- MATERIAL SHOWN -
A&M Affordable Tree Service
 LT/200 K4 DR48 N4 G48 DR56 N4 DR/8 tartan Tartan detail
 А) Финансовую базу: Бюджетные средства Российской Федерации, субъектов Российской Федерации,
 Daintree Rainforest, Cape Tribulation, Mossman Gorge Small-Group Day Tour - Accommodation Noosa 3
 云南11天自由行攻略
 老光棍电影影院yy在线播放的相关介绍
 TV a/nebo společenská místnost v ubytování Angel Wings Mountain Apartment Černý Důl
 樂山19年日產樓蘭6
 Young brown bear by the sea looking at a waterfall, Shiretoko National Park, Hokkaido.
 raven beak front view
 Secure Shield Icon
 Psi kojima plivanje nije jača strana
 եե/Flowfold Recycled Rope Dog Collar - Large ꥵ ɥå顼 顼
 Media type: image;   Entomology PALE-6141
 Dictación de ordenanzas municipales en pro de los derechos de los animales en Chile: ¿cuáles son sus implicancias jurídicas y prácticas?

- EXERCISE DESCRIPTION -
Above this instruction are the records; retype exactly the lines from the one containing "А) Финансовую базу: Бюджетные" up to and including the one containing "Psi kojima plivanje nije jača strana".

- EXERCISE RESPONSE -
 А) Финансовую базу: Бюджетные средства Российской Федерации, субъектов Российской Федерации,
 Daintree Rainforest, Cape Tribulation, Mossman Gorge Small-Group Day Tour - Accommodation Noosa 3
 云南11天自由行攻略
 老光棍电影影院yy在线播放的相关介绍
 TV a/nebo společenská místnost v ubytování Angel Wings Mountain Apartment Černý Důl
 樂山19年日產樓蘭6
 Young brown bear by the sea looking at a waterfall, Shiretoko National Park, Hokkaido.
 raven beak front view
 Secure Shield Icon
 Psi kojima plivanje nije jača strana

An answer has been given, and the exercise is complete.